Juan Miguel Suárez (hijo de uno de los artistas cubanos vivos más
sobresalientes, Juan Suárez Blanco) mostró recientemente en la Galería Arturo
Regueiro de la capital provincial, una extraordinaria colección de óleos bajo
el título martiano Con la gente de esta tierra quiero yo mi suerte echar, que
vuelve a colocar sobre el tapete la importancia del histórico género del
retrato en la pintura, esta vez reformulado desde los presupuestos de la más
ardiente contemporaneidad y provisto de una mirada totalmente nueva sobre cada
sujeto en la que parece descubrir sus verdades desde el miedo, la agonía, el
asombro, la locura, la compasión, la esperanza.
Diversos seres humanos son captados a partir de una secreta revelación que el
joven pintor nos entrega para componer lo que admirablemente constituye, sin
lugar a dudas, un profundo paisaje humano de su entorno social en una ciudad
poseedora de una fuerte mitología a raíz de su "cercanía" y "lejanía" a su vez
de la capital, su poco feliz ubicación geográfica, húmedo microclima.
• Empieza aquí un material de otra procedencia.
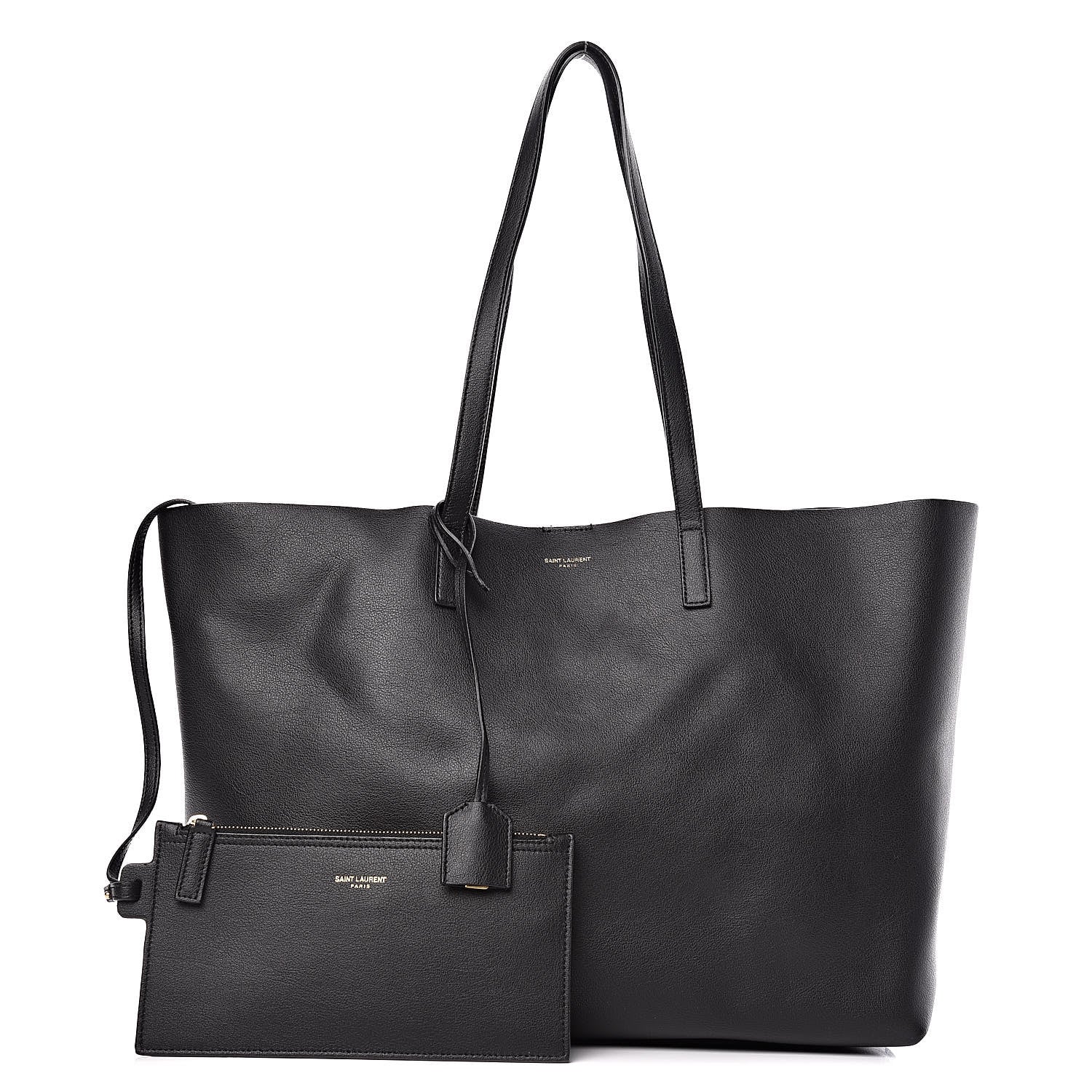 Saint Laurent Calfskin Large Shopping Tote Black 1 of 17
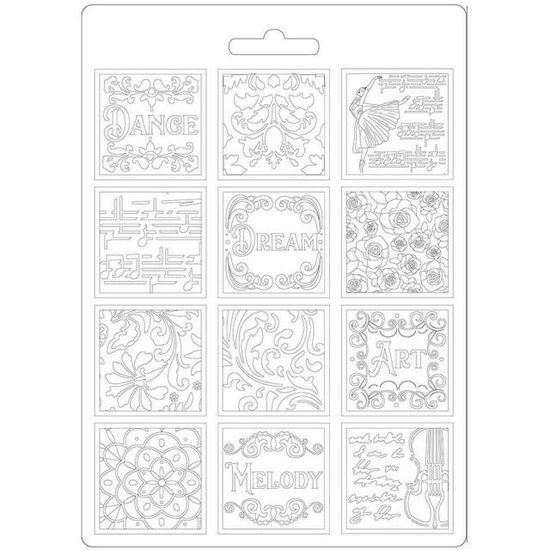 K3PTA576 - Matrita plastic A5 - 15x21cm - Stamperia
Dejando a un lado palmas, mogotes, valles, arroyos, montes, flores, pájaros,
leyendas, y todo el extenso megarrelato literario construido alrededor del
tabaco iniciado con Cirilo Villaverde, Juan Miguel opta por mirar de cerca
hombres y mujeres que le rodean en su lento andar por la ciudad de sus amores y
angustias, de sus deseos y frustraciones, de sus alegrías, para conformar una
vigorosa galería de retratos apoyada en la expresión de cada rostro y un difuso
entorno en que de manera sutil e inteligente se describen los elementos
esenciales que acompañan la existencia de esos seres.
Poseedor de vasta cultura y memoria artística, Juan Miguel Suárez acude al
legado de las grandes escuelas flamenca y española de siglos precedentes para
recontextualizarlas en las calles de Pinar del Río, donde mezcla con abierto
desenfado a Zurbarán, Velázquez, Goya, Hals, Rembrandt y algo de Rubens en un
hermoso laberinto desde el cual podemos asomarnos, gracias a un notable y
prestigioso oficio creador, al universo individual e íntimo de un profesor de
arte, un músico famoso, un discapacitado vivaz, una mujer enloquecida, un héroe
nacional, un hombre demasiado pobre, un pintor, sin que necesariamente
padezcamos con ellos los rigores de sus vida, la mayoría de ellas
desafortunadas o truncas en su cenit.
Cuadros en el complejo sentido de la palabra, eso son. Cuadros donde el óleo se
enseñorea con eficacia aterradora en el espacio bidimensional para ofrecernos
sutilezas y evidencias de lo humano que difícilmente otro género o
manifestación de las artes plásticas pudiera hacerlo de tal manera a no ser, de
cierta manera, esos retratos fotográficos de Frank Capra, Henri Cartier-
Bresson, Osvaldo Salas, Cindy Sherman.
A diferencia de los instrumentos, códigos, y a ratos trucos y artificios a que
nos tienen acostumbrados hoy una gran mayoría de los jóvenes creadores cubanos
para crear sus obras, Suárez utiliza el más tradicional de todos para ejercer
su criterio en torno al arte y a la vida: el pincel.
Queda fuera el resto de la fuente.